Over the years, I have composed quite a list of 'dirty words' that offend many scientists.



This Week's Experiment - #287 Dirty Words of Science

These experiments are from Robert Krampf - The Happy Scientist



This week's experiment is a result of quite a few e-mails that I have received over the years that I have been writing the Experiment of the Week. I hope that it will show some of the communication problems that can occur when scientists and "normal people" talk to each other.

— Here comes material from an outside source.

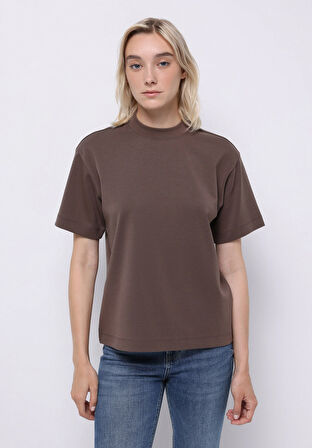 Regular Fit Yuvarlak Yaka Düz Kadın Kahverengi Kısa Kol Tişört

Very few weeks go by where I do not get at least one e-mail correcting me on something that I have said in an experiment. Sometimes they are true goofs. I am just as capable of making a mistake as anyone else, but often they are the result of a difference in language. I don't mean a difference between English and Spanish or Japanese. Instead, I mean the difference between the "every day" meaning of words and the scientific meaning. Over the years, I have composed quite a list of "dirty words" that offend many scientists. To understand that, you will need:

a glass of something you like to drink
a drinking straw

Lets start with a really bad one. Suction! Oh, wash your mouth out with soap! With many scientists, if you talk about suction cups sticking to a window or how a new vacuum cleaner sucks up the dirt, you will be in for quite a few minutes of angry lecture. Why? Because the word is misleading if you want to know what is really happening.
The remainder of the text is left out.